Clause 7 deals with money—always useful in this area; there is not enough of it about—specifically the use of certain money held by the Gas and Electricity Markets Authority. It gives the Government a legal basis for using surplus funds in the fossil fuel levy, up to a maximum of £60 million, to promote renewable energy schemes. I believe that other speakers will address those issues. If noble Lords would like further detail on the money, it is well laid out in the Explanatory Notes accompanying the Bill.

It has probably been made clear in my comments that this is not a Bill which I and others sponsoring it would have wanted to see in its present form. Nevertheless, it is progress. If the Government chose and were committed to it, it could lead to very considerable progress. I hope that the Minister will assure us on the points that I have made. I commend the Bill to the House.

Moved, That the Bill be now read a second time.—(Baroness Maddock.)

3.7 p.m.

The Earl of Liverpool

My Lords, I am very pleased to follow the noble Baroness, Lady Maddock. I congratulate her on giving such a clear explanation of the aims and objectives of the Bill, which she is sponsoring in your Lordships' House. She is extremely well placed to do so. As she reminded us, some years ago, she sponsored the Home Energy Conservation Bill. I read that she is also vice-president of the Neighbourhood Energy Action and a trustee of the National Energy Foundation. I must confess that I had considerable sympathy with her when she expressed disappointment at the way in which the Government have prevailed on Mr Brian White MP to water down his original Bill. Nevertheless, I suppose that half a loaf is better than no loaf at all, and so I support the Bill.

So many opportunities for moving towards sustainable and clean energy are now available to us. As I suspect that most of them, if not all that I am about to list, will be known to your Lordships, I hope that I do not prevail on your patience. I should like to list a few which spring to mind—including offshore tidal power generation, photovoltaics, and solar heating, the technology of which is always advancing. Hydrogen fuel produced by means of photovoltaics is completely pollution free both at the point of manufacture and the point of utilisation. Geothermal heat-pump technology is another example. I should also cite wind farms and the much smaller wind generators with contra-rotating propellers for domestic use. As for combined heat and power—CHP—I am particularly interested in micro-CHP plants for use in private homes. Great strides are being made in that direction. We must also not overlook the very real contribution that biofuels and biomass could make.

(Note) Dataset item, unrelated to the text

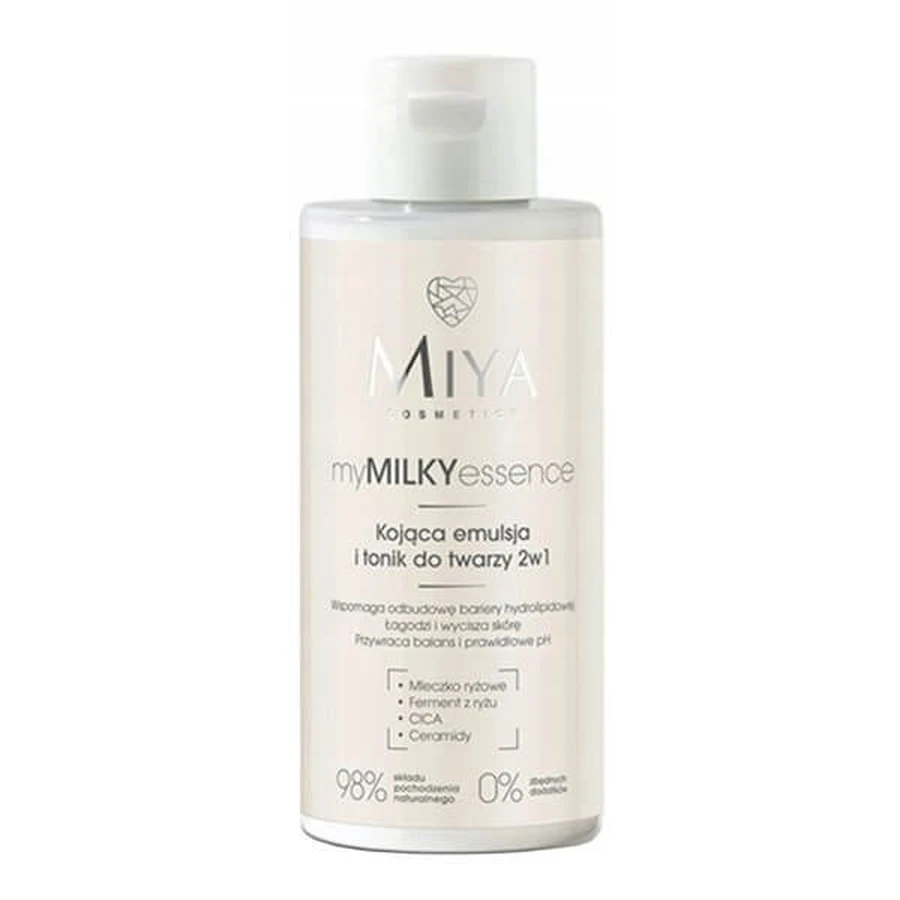 Miya Cosmetics myMILKYessence, soothing emulsion and facial toner 2-in-1, 150 ml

Other noble Lords will no doubt speak with far greater authority than I on some of these points; and indeed I do not believe that my list is exhaustive. But the point is that there is a large number of rich seams we could and should be tapping into.

We probably have a once in a lifetime opportunity to take advantage of these technologies. We are already embarked on a massive building programme including hospitals, schools, prisons and homes. Time is of the essence and we must not lose a moment in concentrating our efforts to reduce our dependency on fossil fuels.

Earlier I mentioned tidal power and I should like to spend a few moments elaborating on this potential power source. We have the second largest tidal range in the world and we also have the technology to harness it. The generating source is free, entirely predictable and, correctly harnessed, is capable of producing 8,000 megawatts of power by 2010, as I read on the Internet this morning. That equates to 10 per cent of our entire energy needs and would achieve the Government's targets for renewable energy in one fell swoop.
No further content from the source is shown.